_Instructions for the task_. The material below is to be copied exactly from the line with "Baldi Piggy Monster School icône" up to and including the line with "Kapal tanker hisap 20.000 Liter DongFeng", with nothing else kept and no pictures.

_Data for this task_.
◇ ◇ ◇ ◇
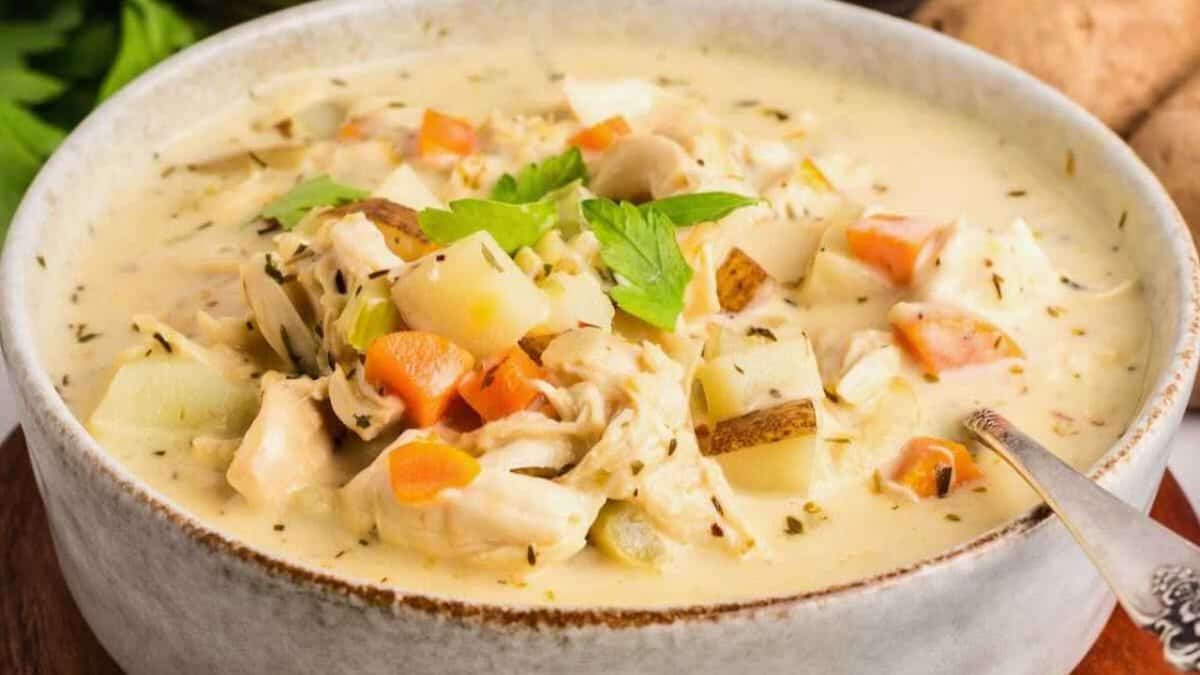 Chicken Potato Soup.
◇ ◇ ◇ ◇
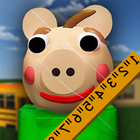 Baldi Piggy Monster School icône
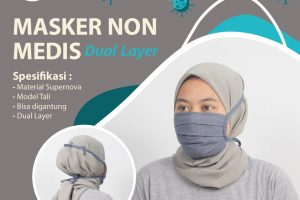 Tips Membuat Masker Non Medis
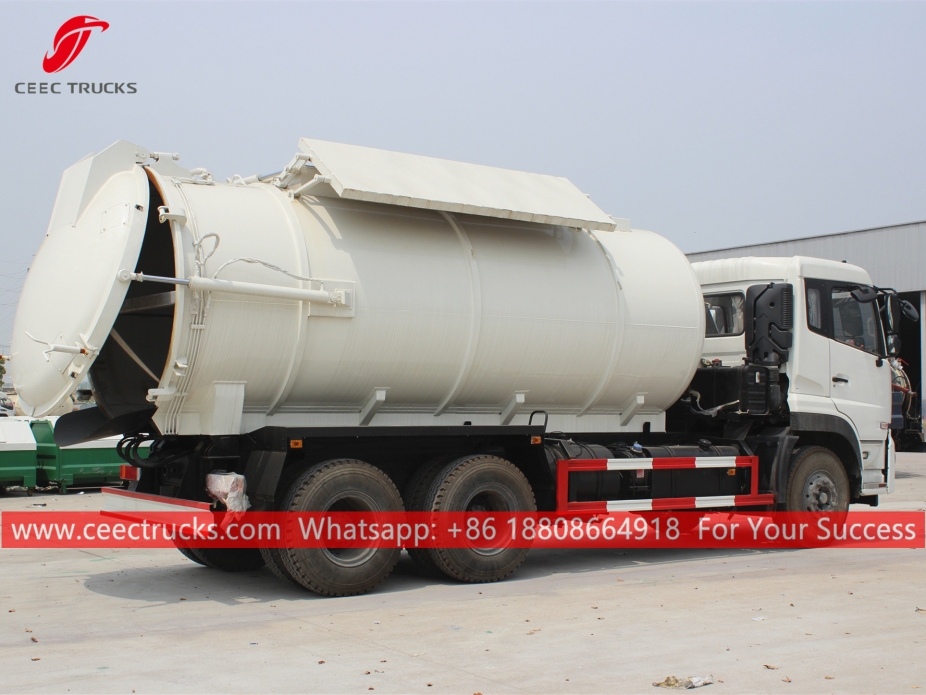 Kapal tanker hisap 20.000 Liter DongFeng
◇ ◇ ◇ ◇
_Written response_.
 Baldi Piggy Monster School icône
 Tips Membuat Masker Non Medis
 Kapal tanker hisap 20.000 Liter DongFeng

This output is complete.